• Web page caption snippets:
####################

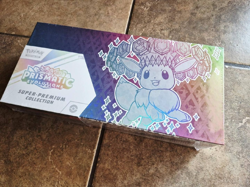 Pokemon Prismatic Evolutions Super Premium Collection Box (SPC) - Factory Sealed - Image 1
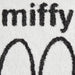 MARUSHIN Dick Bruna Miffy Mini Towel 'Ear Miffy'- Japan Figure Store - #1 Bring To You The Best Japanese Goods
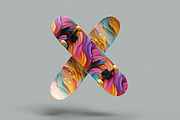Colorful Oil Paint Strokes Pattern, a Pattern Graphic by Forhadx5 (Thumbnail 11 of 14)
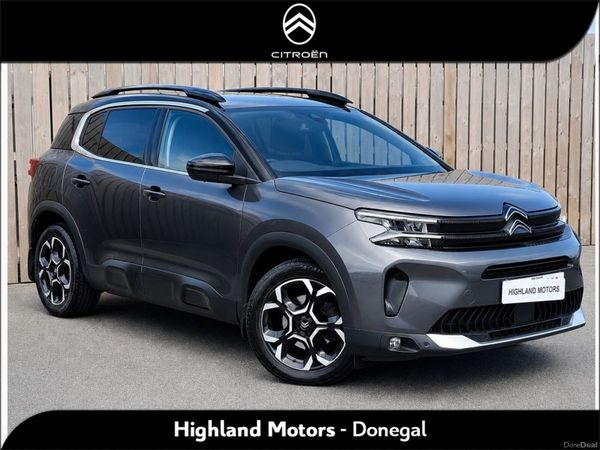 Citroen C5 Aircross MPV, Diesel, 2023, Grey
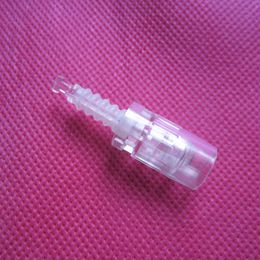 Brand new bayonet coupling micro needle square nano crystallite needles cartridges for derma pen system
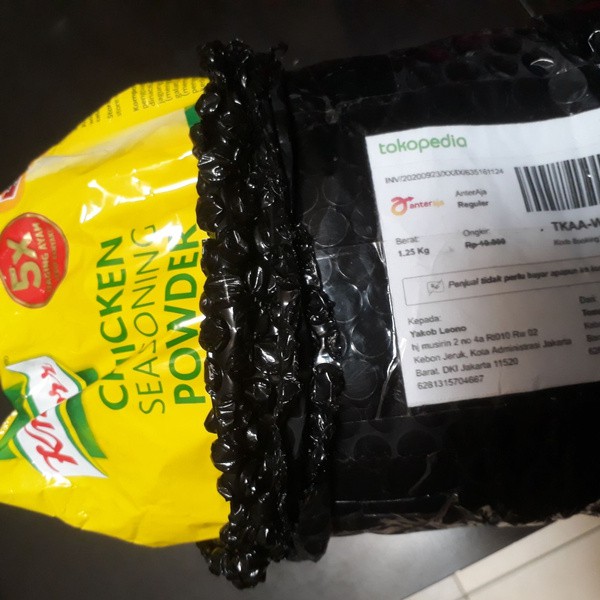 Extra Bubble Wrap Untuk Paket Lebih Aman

####################

• WORK INSTRUCTIONS: Reproduce all of the entries word for word, skipping any pictures they hold.

• TASK RESULT:
 Pokemon Prismatic Evolutions Super Premium Collection Box (SPC) - Factory Sealed - Image 1
 MARUSHIN Dick Bruna Miffy Mini Towel 'Ear Miffy'- Japan Figure Store - #1 Bring To You The Best Japanese Goods
Colorful Oil Paint Strokes Pattern, a Pattern Graphic by Forhadx5 (Thumbnail 11 of 14)
 Citroen C5 Aircross MPV, Diesel, 2023, Grey
 Brand new bayonet coupling micro needle square nano crystallite needles cartridges for derma pen system
 Extra Bubble Wrap Untuk Paket Lebih Aman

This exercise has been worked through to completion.